_Data block_.
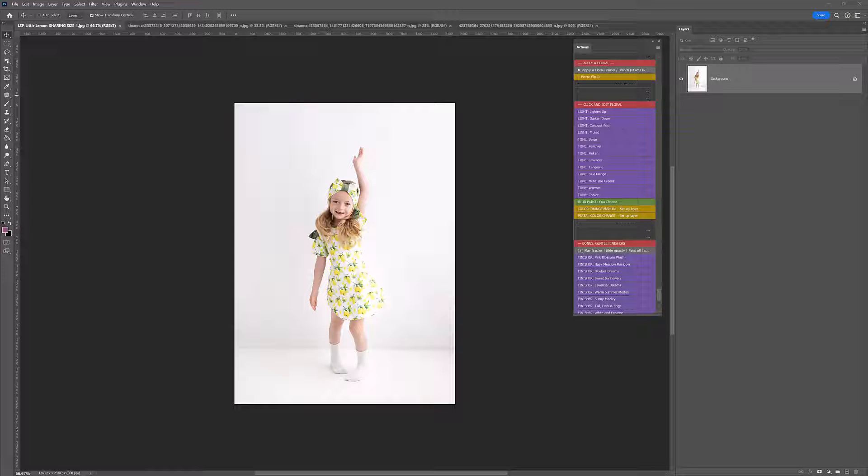Hi, I'm Lauren from LSB Actions and I'm going to add some white floral overlays to this really cute image of my little girl. So let's jump in and get started.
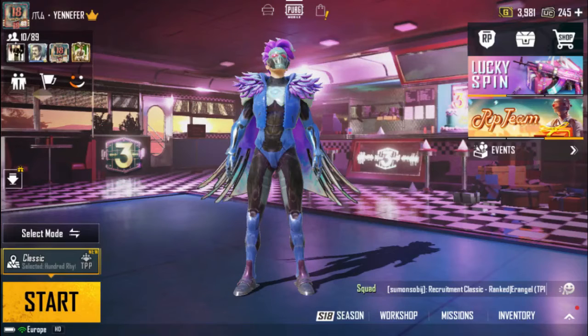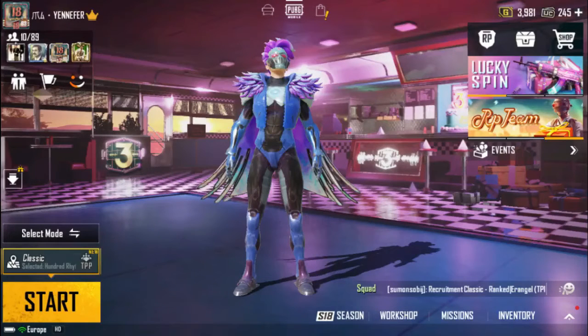Hello everyone, today I'm going to show you how to fix PUBG Mobile version 1.3 key mapping bugs in the emulator.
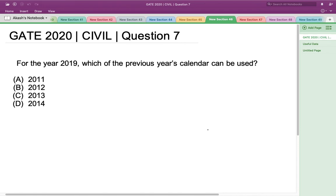Hello everyone, this is the question asked in GATE 2020 Civil Engineering Set 2 for the year 2019: which of the previous years' calendar can be used? Now in order to solve this question, let's have a look at some useful information.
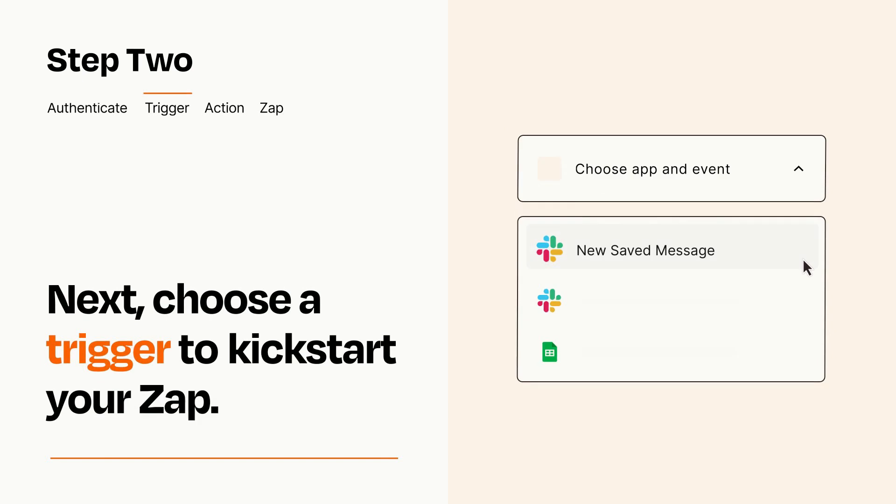Now let's set up your trigger, which is the event that starts your Zap. Pick the trigger event that you want from the list.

_Aim of the exercise_.
The response should consist of the lines above from the first through the one containing "Hello everyone, this", transcribed exactly, with every picture left out.

_Exercise result_.
Hi, I'm Lauren from LSB Actions and I'm going to add some white floral overlays to this really cute image of my little girl. So let's jump in and get started.
Hello everyone, today I'm going to show you how to fix PUBG Mobile version 1.3 key mapping bugs in the emulator.
Hello everyone, this is the question asked in GATE 2020 Civil Engineering Set 2 for the year 2019: which of the previous years' calendar can be used? Now in order to solve this question, let's have a look at some useful information.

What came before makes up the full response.